Mistakes vs. errors—know the difference

Man slapping his head because he made a mistake

How many times have you been speaking in English, and you make a silly mistake? For instance, "Yesterday, I go to work." You know you should have said, "went." You just made a mistake

Mistakes are an accident. You know it's wrong, but the wrong word slips out. 

An error, on the other hand, is something you don't know. It's grammar you haven't learned yet or vocabulary you haven't learned the nuance of yet. Errors are interesting because it gives you a chance to learn something for the first time. 

Many people find mistakes boring. "Yesterday, I went to work, Yea, yea, yea. I got it." It's not fun to re-study basic points. But it is very important. 

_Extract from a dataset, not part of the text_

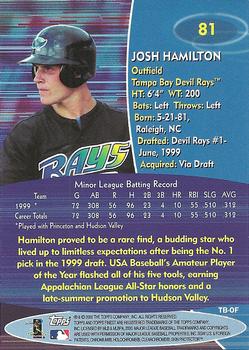 2000 Finest #81 Josh Hamilton Back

When you make a mistake, the listener doesn't know it's just a mistake. If you are speaking in a business situation, you'll lose a little of the listener's respect. If you make mistakes in speaking tests, you will get a very poor score. 

If you ignore your mistakes, your English will not improve. 

What should you do?

There are two steps: 1) now; and 2) later

1. NOW: When your mistake is corrected, pay attention. Repeat the correction with variation, "Yesterday, I went... right, I went yesterday, went yesterday." Make a note to review later.

2. LATER: Review the note you made of the correction. You will forget most things quickly, so notes and review are vital. 

So, what's the difference between an error and a mistake? For a speaking test assessor, nothing. They are the same. So, take both seriously.